__Problem requirements__
From the line containing "Live price chart" down to the final line of the entries below, quote every line verbatim. Exclude pictures.

__Recorded data__
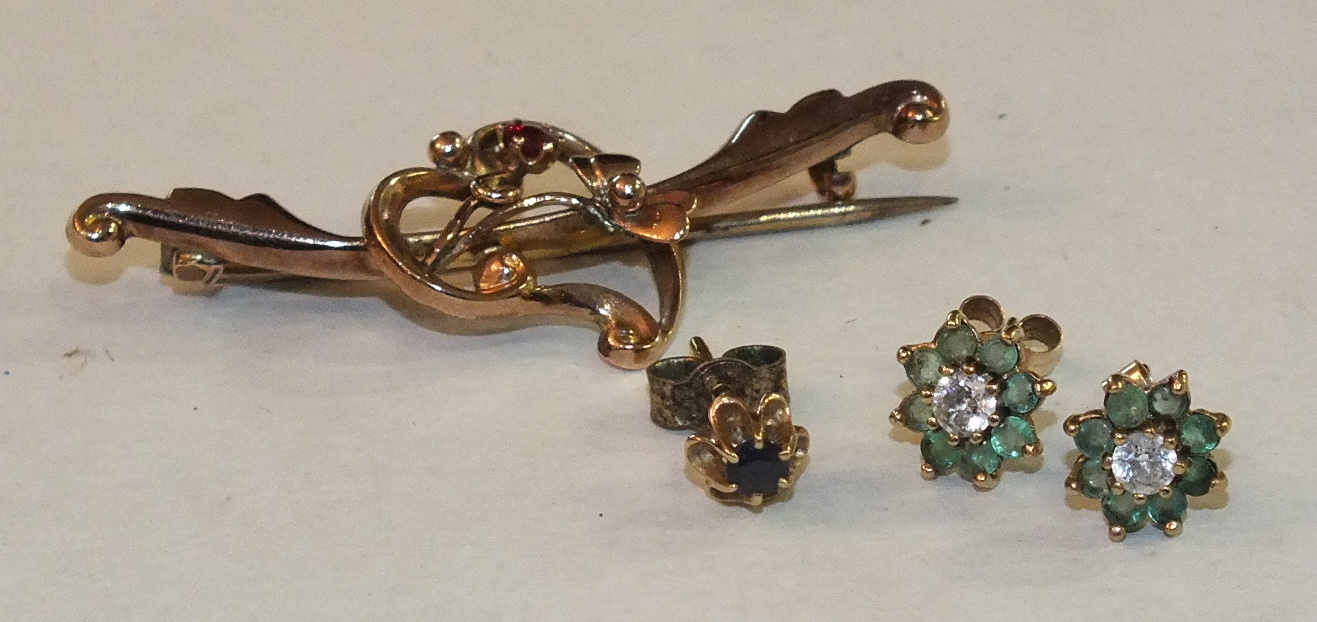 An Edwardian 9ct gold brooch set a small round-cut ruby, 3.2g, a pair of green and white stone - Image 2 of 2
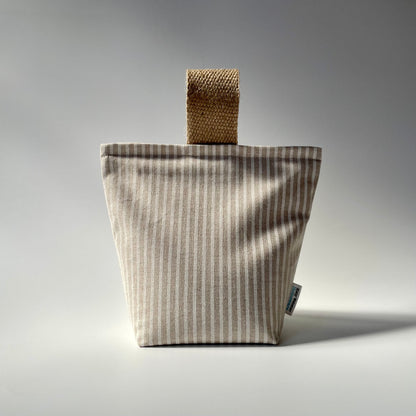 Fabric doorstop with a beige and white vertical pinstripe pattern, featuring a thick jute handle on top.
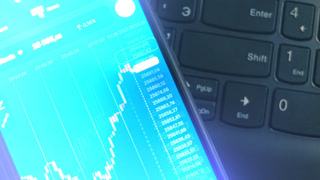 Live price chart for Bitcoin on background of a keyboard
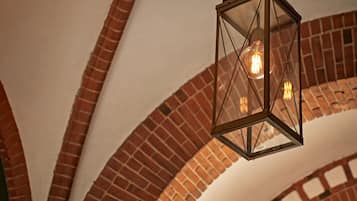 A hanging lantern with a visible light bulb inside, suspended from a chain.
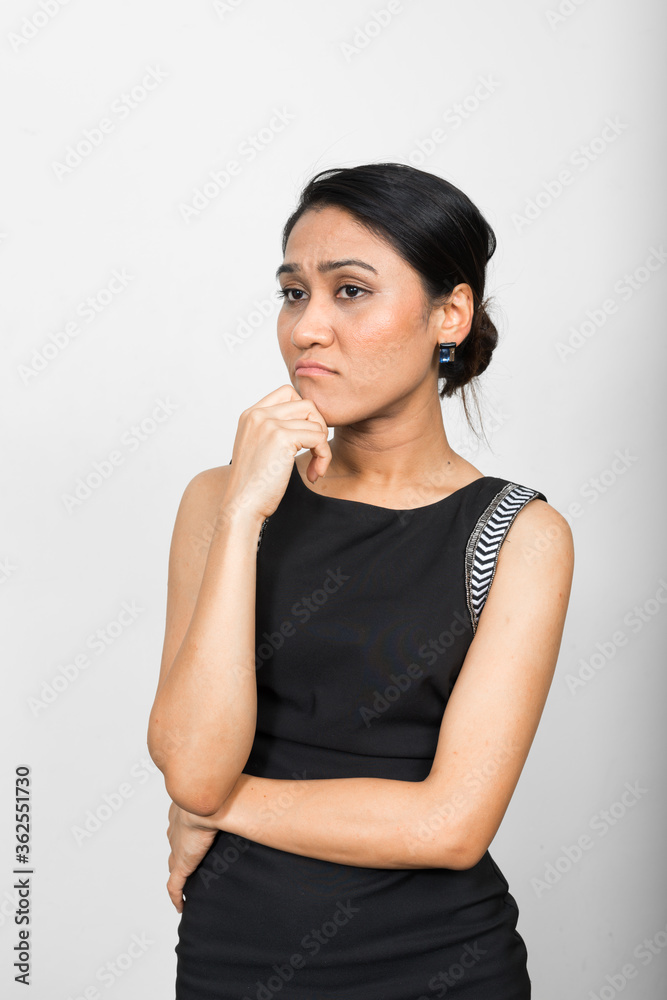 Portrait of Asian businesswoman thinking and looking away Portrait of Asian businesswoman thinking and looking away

__Output for this exercise__
 Live price chart for Bitcoin on background of a keyboard
 A hanging lantern with a visible light bulb inside, suspended from a chain.
 Portrait of Asian businesswoman thinking and looking away Portrait of Asian businesswoman thinking and looking away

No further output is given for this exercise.